31.12.1921 tarihindeki durumu tespit eden ve oybirliği ile Amerikan Senato ve Kongresi tarafından onaylanan rapora göre,  1.414.000 Ermeni hayatta olup bunların çoğunluğu yardım beklemektedir.

Kitap yazarının dünyaya açık talebi: 1.500.000 kişinin soykırımla öldürüldüğünü (yer, tarih, bitaraf şahit, kitle mezarı, belge v.s. göstermeden) iddia eden bilim, tarih, çala-kalem yazarlar, iftiracılar ve her milletten siyasetçiler, böyle bir bulguya hangi doğru verilere dayanarak vardıklarını açıkça anlatabilirler mi? Sunulan belgelerin inkârı mümkün değildir.  Ben uydurulmuş “sözlere inanmamaktayım”, ispatını istemekteyim! Bu talebim, bu konuda uluorta konuşan, kitap veya sütun yazan bütün ilgili ve okuyuculara açıktır. E-postam verilmiştir, itirazı olan ortaya çıksın!

5. YAKIN DOĞU YARDIM HEYETİ  SONUÇ RAPORU – Ortak Amerikan Kongre-Senato 20.04.1922 kararı

(Not:http://armenians-1915.blogspot.com/2008/02/2335-free-e-book-near-east-relief.html rapor metni İngilizce okunabilir-basılabilir)

Bu rapor, İngilizce “The Genocide of Truth” (İst.
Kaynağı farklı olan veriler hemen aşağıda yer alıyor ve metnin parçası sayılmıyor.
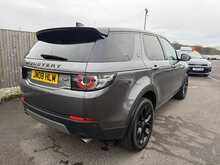 Land Rover Discovery Sport  - U946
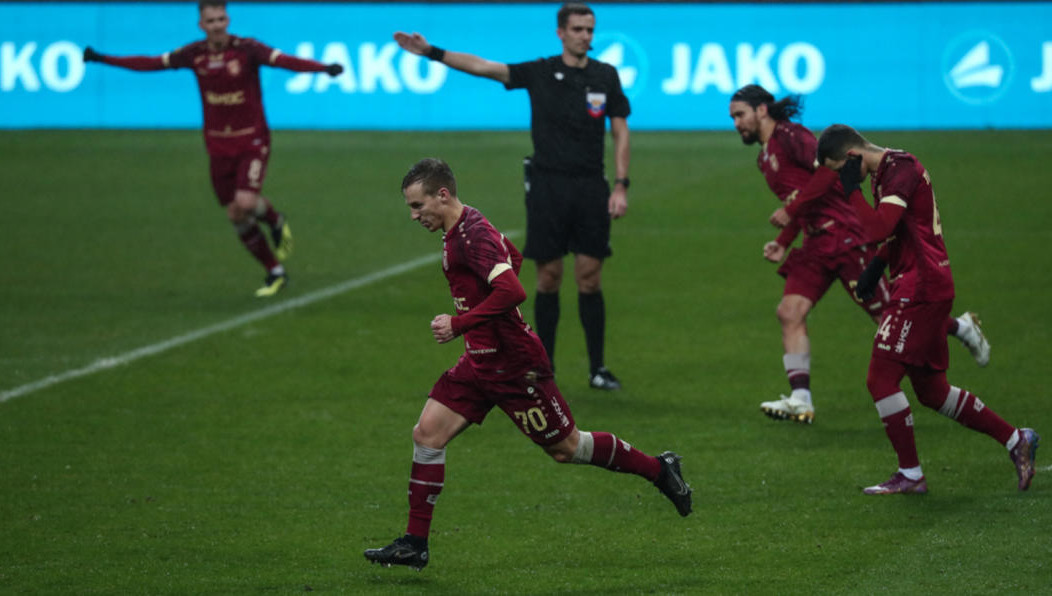 Казанцы обыграли узбекский «Навбахор» 6:0.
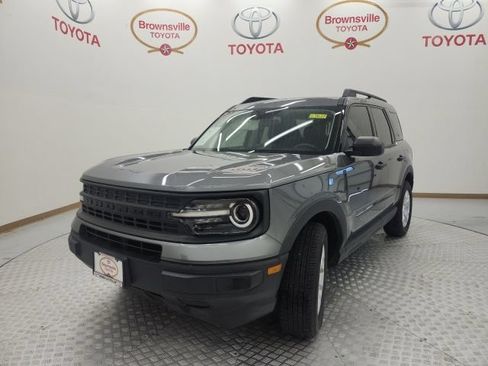 Used 2022 Ford Bronco Sport AWD/4WD image 2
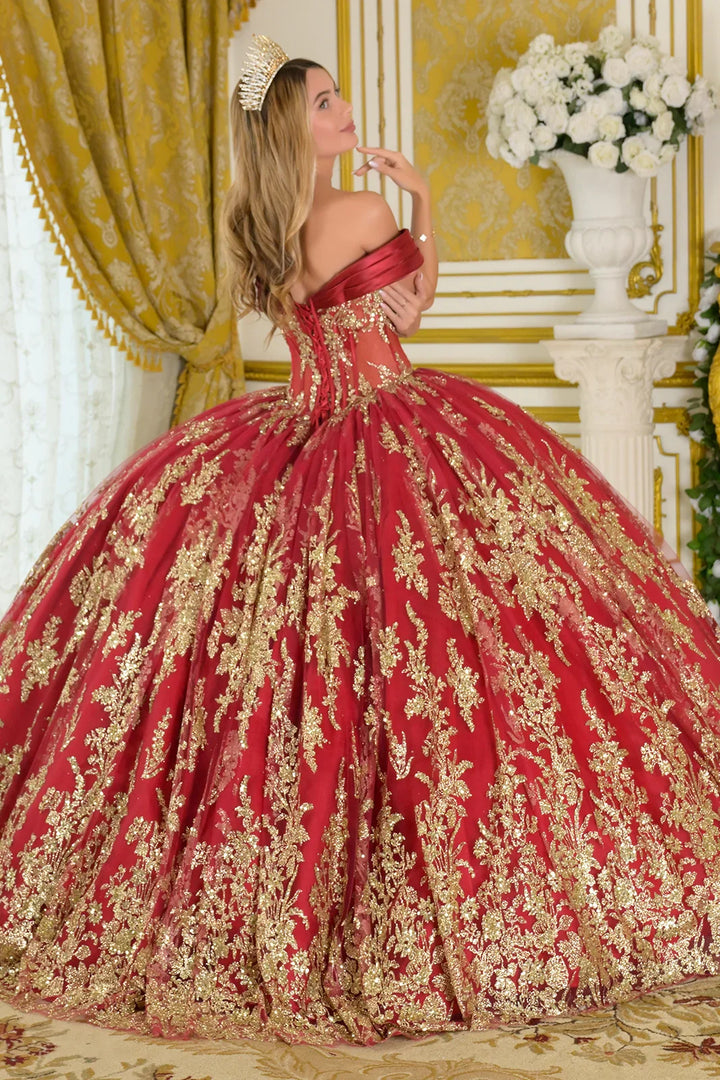 GLS GL3791 Dress - FOSTANI.com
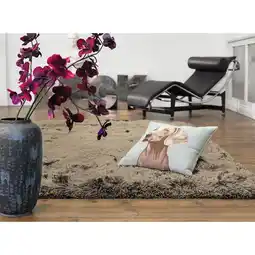 Costco Plush Taupe Rug, in 2 Sizes offer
Ticaret Üniv. – 2008) kitabı yayınlandıktan sonra ortaya çıktığından, tarafımdan dağıtılan kitaplara, ayrı bir yaprak olarak eklenmiş, kitap okuyucularına bu resmi Amerikan belgesinin, kitaptaki bazı hususlara ek onaylama getirdiği ifade edilmişti.  Örneğin:

Bölüm 2 – Osmanlıların Milletlere Muamelesi        –  Jön Türk ve Kemalistlerin yardımları korudukları

Bölüm 5 – Harika Misyonerler                                –  Türklerin Misyonerleri ve yardımları asla engellemedikleri

Bölüm 7 – Gerçeklerin saptırılması                        –   HS 106 karar tasarısının yukarıdaki rapora ters olduğu

Bölüm 14- Tehcir ve Varışlar                                 –   HS 106 karar tasarısındaki rakamların hatalı olduğu

Bölüm 15- Propaganda İmalatları                          –   HS 106’nın yüksek derecede propaganda işi olduğu

Bölüm 17- Tarihi Saptırmak için İspatlı Sahtecilik –   HS 106 destekçilerinin buna alet oldukları

Bölüm 18 – Yardım ve Hayır Kurumları                 –   Yalnız Hıristiyanlara yapılan $ 52 milyon yardım detayları

Bölüm 19 – Kıtlık ve Salgın Hastalıklar                 –   Ölümlerin hastalık, açlık ve yol zorluklarından olduğu

s.4: İngiliz-Fransız işgali ile 300.000 Ermeni’nin Kilikya’ya döndüğü, 1921, Fransız-Kemalist anlaşmasından sonra kendilerinin yöreyi  (200-300.000 kişi) terk ettikleri, bunların Suriye’de hayatta ve yardım bekledikleri…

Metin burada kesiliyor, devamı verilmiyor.